Siva Shankar, Devereux Thomas, Ball David L, MacManus Michael P, Hardcastle Nicholas, Kron Tomas, Bressel Mathias, Foroudi Farshad, Plumridge Nikki, Steinfort Daniel, Shaw Mark, Callahan Jason, Hicks Rodney J, Hofman Michael S
Sir Peter MacCallum Department of Oncology, University of Melbourne, Parkville, Victoria, Australia Division of Radiation Oncology and Cancer Imaging, Peter MacCallum Cancer Centre, East Melbourne, Victoria, Australia
Sir Peter MacCallum Department of Oncology, University of Melbourne, Parkville, Victoria, Australia.
Technol Cancer Res Treat. 2016 Feb;15(1):114-21. doi: 10.1177/1533034614565534. Epub 2015 Jan 9.
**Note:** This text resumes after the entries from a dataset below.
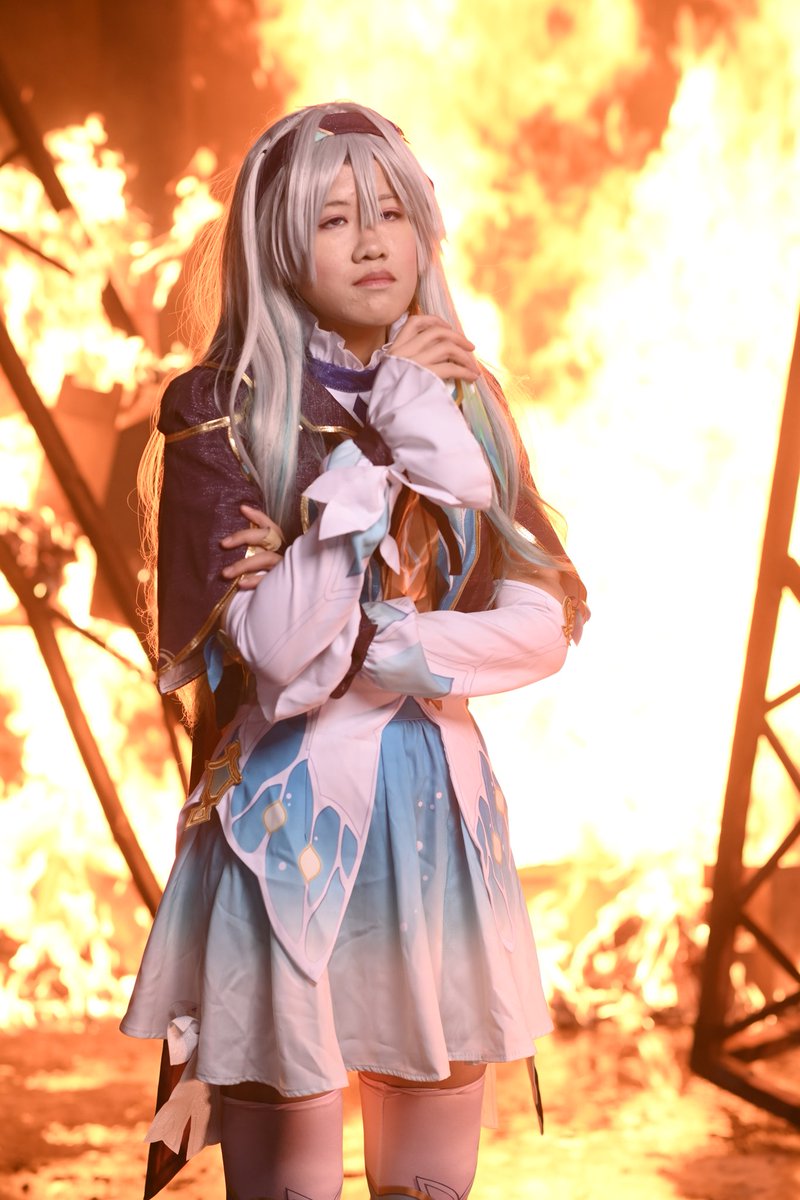 LaineXandersson's tweet photo. A little Honkai: Star Rail flashback
Firefly 💚
Fun fact: when I told my friends I wanted to do a fire photoshoot, they thought I had gone crazy. 😂 I'm glad I could prove them wrong!
Also.. recently bought another HSR cosplay. Any guesses who? 👀
#Honkaistarrail #Firefly https://t.co/gVO3WsmhRR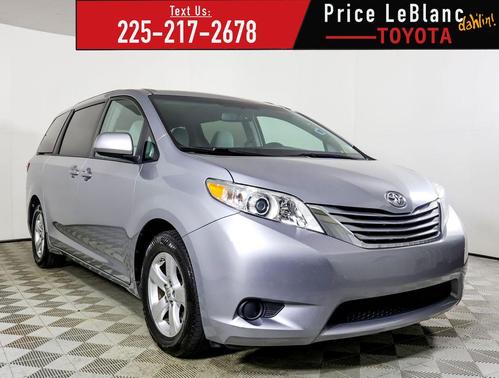 2016 Toyota Sienna LE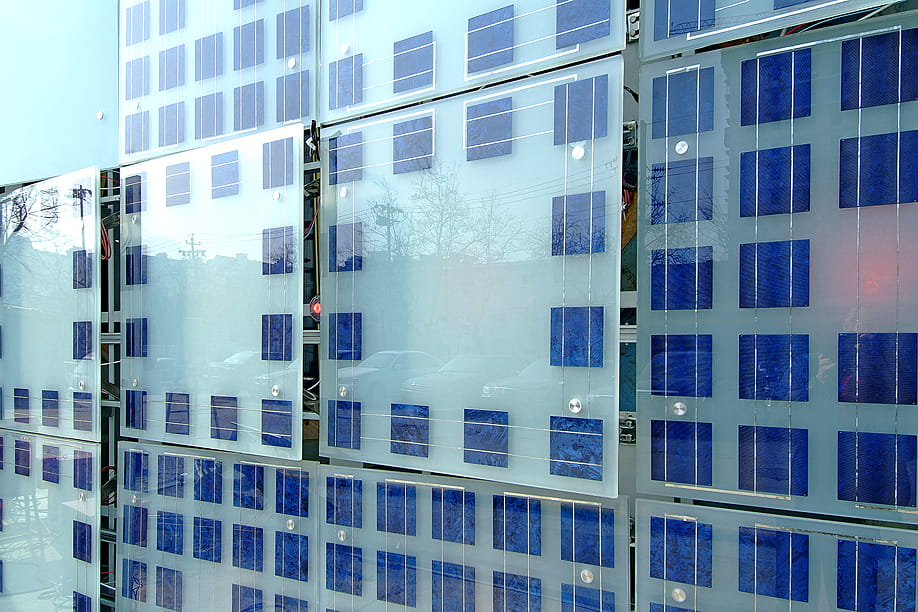 The unique glass curtain wall integrates is made up of a 2,000m<sup>
													2
												</sup>
												'interactive skin'.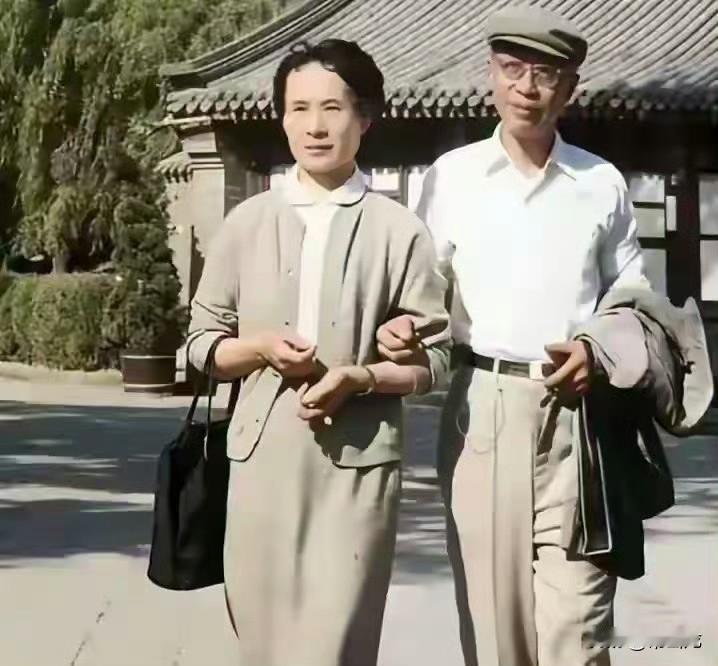 上世纪60年代初，末代皇帝溥仪和第5任妻子李淑贤一起在北海公园散步。进入北海公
Ga-68-macroaggregated albumin ((68)Ga-perfusion) positron emission tomography/computed tomography (PET/CT) is a novel imaging technique for the assessment of functional lung volumes. The purpose of this study was to use this imaging technique for functional adaptation of definitive radiotherapy plans in patients with non-small cell lung cancer (NSCLC).
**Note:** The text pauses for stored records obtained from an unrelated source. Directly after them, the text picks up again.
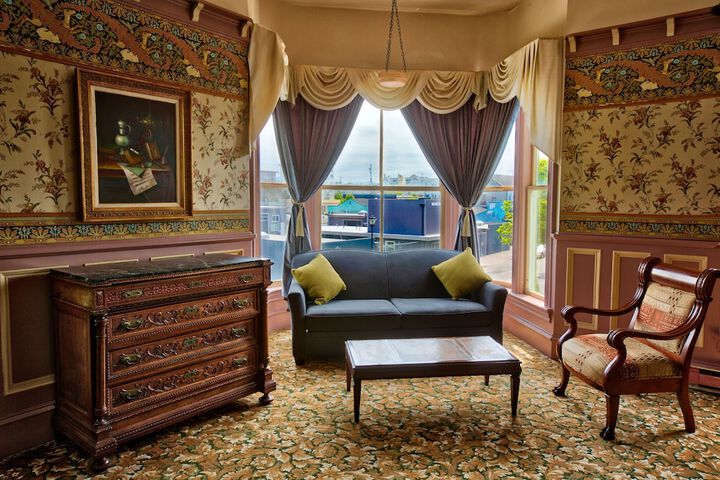 Room 8 of 39
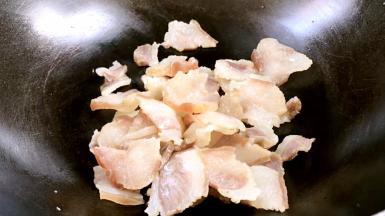锅置火上，放入腊肉煸炒出油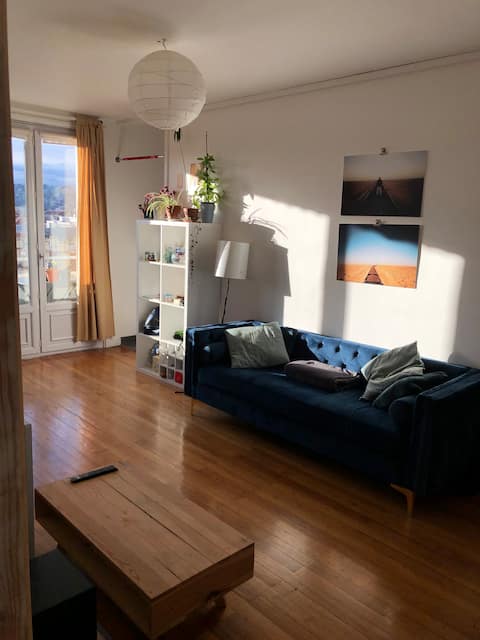 Top performing Airbnb: Bright apartment with balcony in Lyon 7e Arrondissement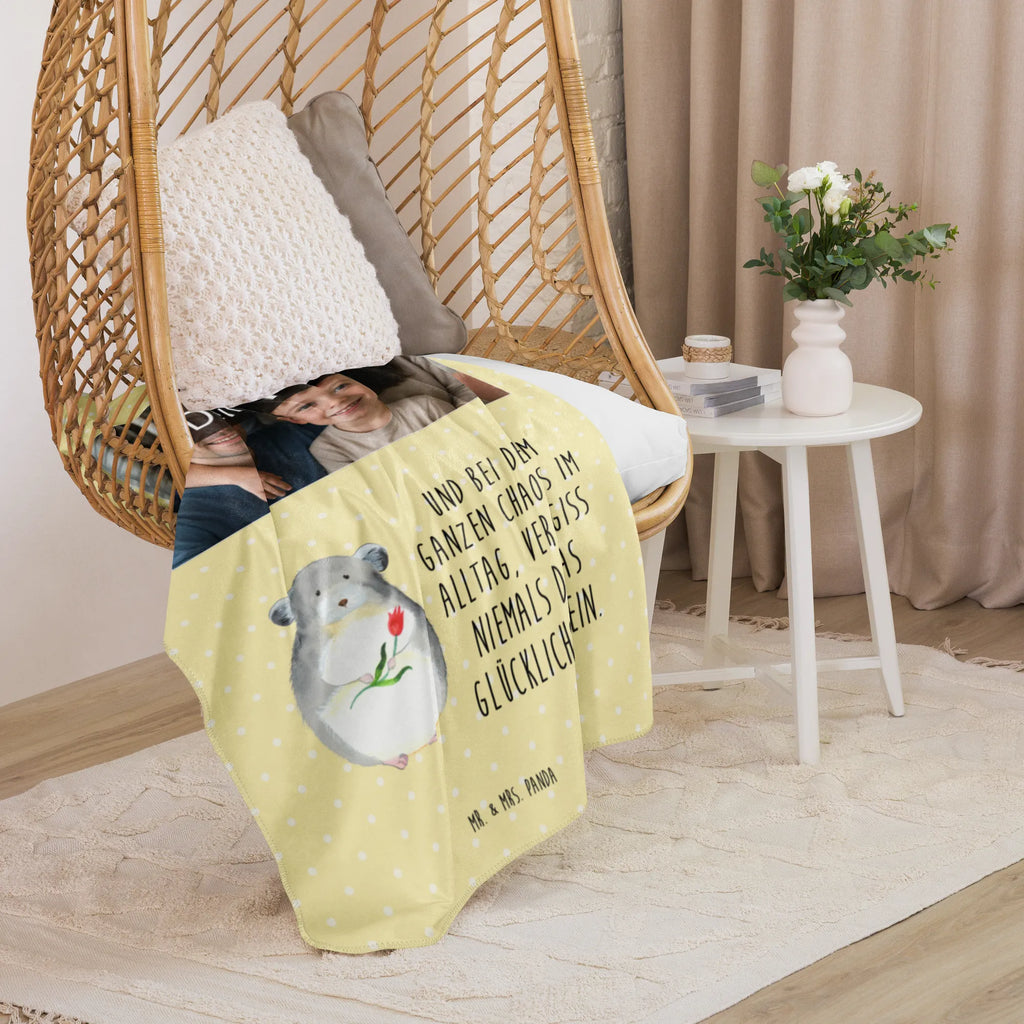 Sherpa Photo Cuddle Blanket chinchilla flower Foto Kuscheldecke, Tiermotive, Gute Laune, lustige Sprüche, Tiere, Liebeskummer, Büro, Depressionen, Chinchilla, Glücklichsein, Kummer, Büroalltag, Chaos, Chinchillas, traurig sein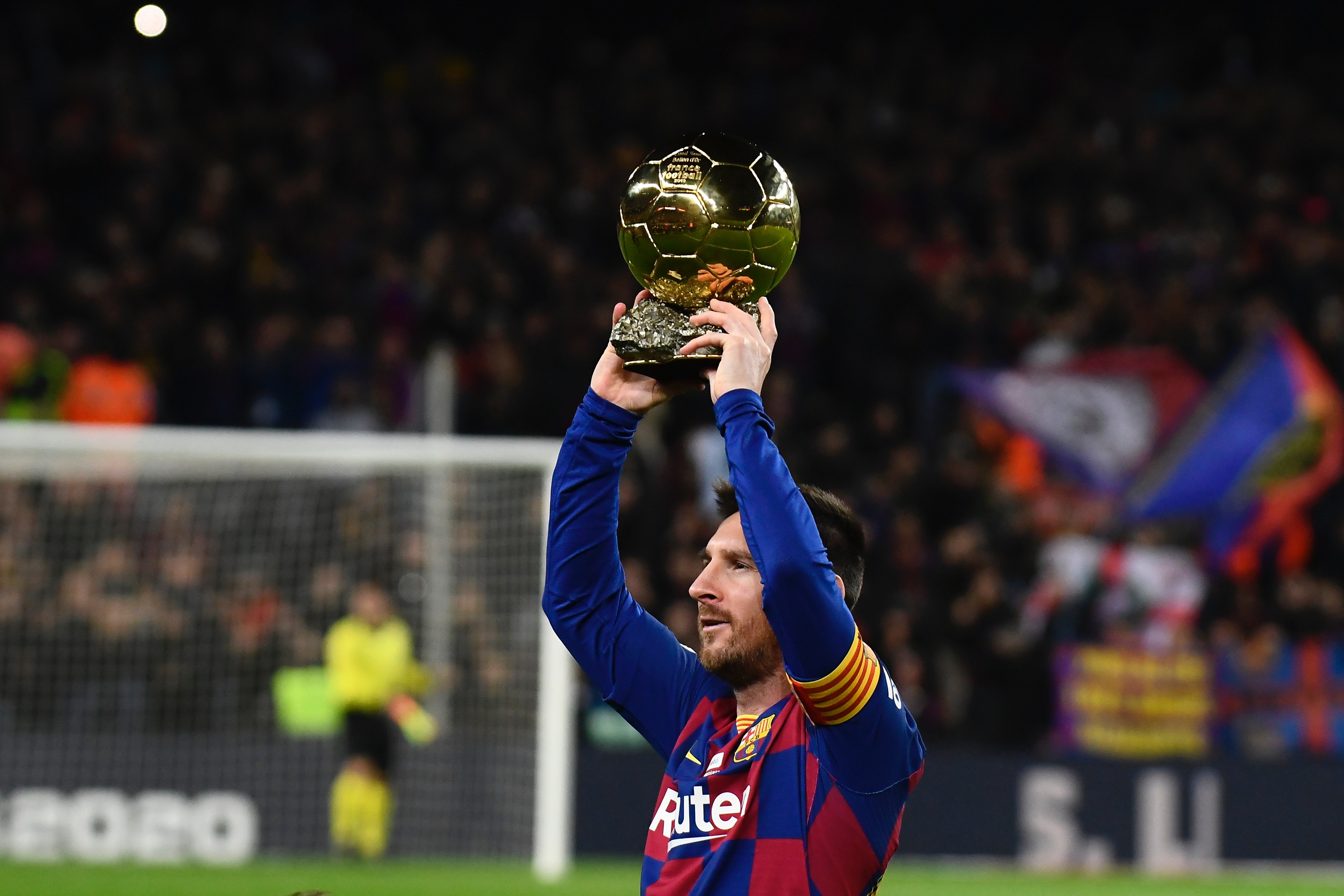 意媒：国米正在关注法兰克福的二号门将考阿-桑托斯（意媒：国米有意引进法兰克福替补门将考阿-桑托斯）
This was a prospective clinical trial of patients with NSCLC who received definitive 3-dimensional (3D) conformal radiotherapy to 60 Gy in 30 fx and underwent pretreatment respiratory-gated (4-dimensional [4D]) perfusion PET/CT. The "perfused" lung volume was defined as all lung parenchyma taking up radiotracer, and the "well-perfused" lung volume was contoured using a visually adapted threshold of 30% maximum standardized uptake value (SUV max). Alternate 3D conformal plans were subsequently created and optimized to avoid perfused and well-perfused lung volumes. Functional dose volumetrics were compared using mean lung dose (MLD), V5 (volume receiving 5 Gy or more), V10, V20, V30, V40, V50, and V60 parameters.
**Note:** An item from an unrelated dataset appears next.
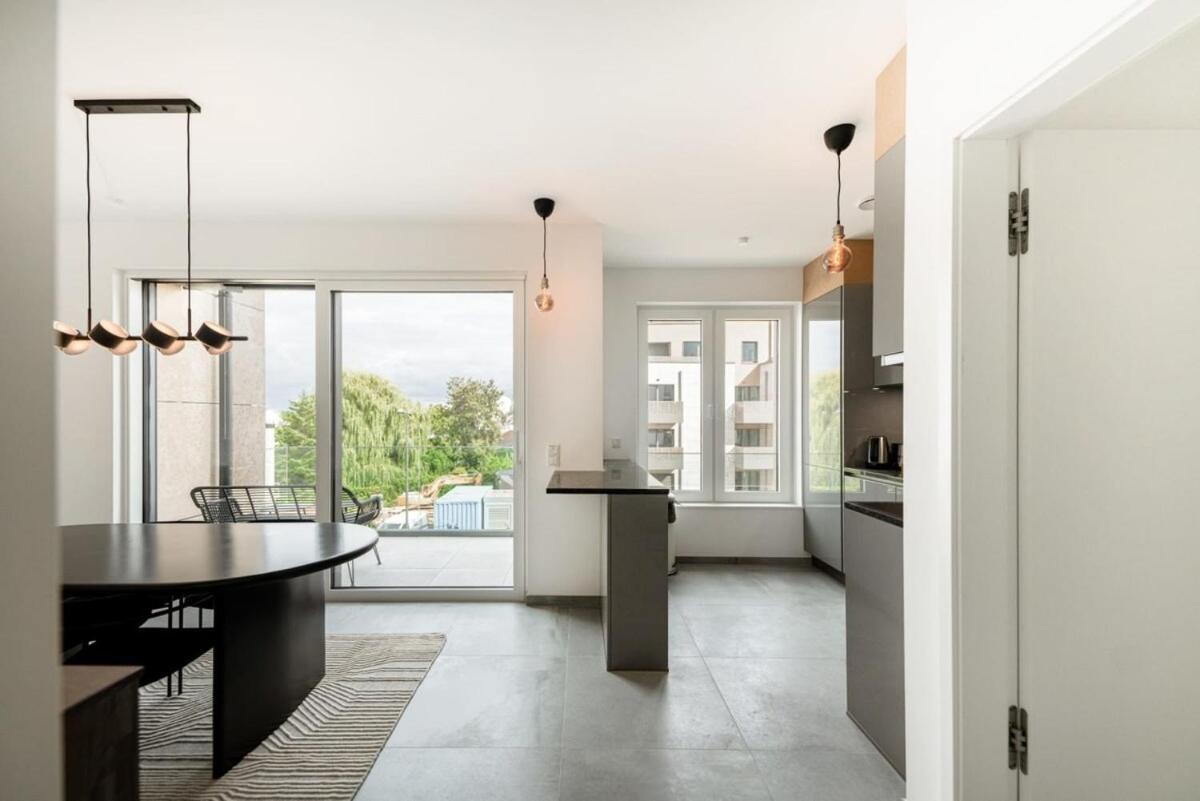 Lux 1br King Bed, Balcony, Near Center * Luxemburg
Fourteen consecutive patients had alternate radiotherapy plans created based on functional lung volumes. When considering the original treatment plan, the dose to perfused and well-perfused functional lung volumes was similar to that of the conventional anatomical lung volumes with an average MLD of 12.15, 12.67, and 12.11 Gy, respectively. Plans optimized for well-perfused lung improved functional V30, V40, V50, and V60 metrics (all P values <.05). The functional MLD of well-perfused lung was improved by a median of 0.86 Gy, P < .01. However, plans optimized for perfused lung only showed significant improvement in the functional V60 dose parameter (median 1.00%, P = .04) but at a detriment of a worse functional V5 (median 3.33%, P = .05).
This study demonstrates proof of principle that 4D-perfusion PET/CT may enable functional lung avoidance during treatment planning of patients with NSCLC. Radiotherapy plans adapted to well-perfused but not perfused functional lung volumes allow for reduction in dose to functional lung using 3D conformal radiotherapy.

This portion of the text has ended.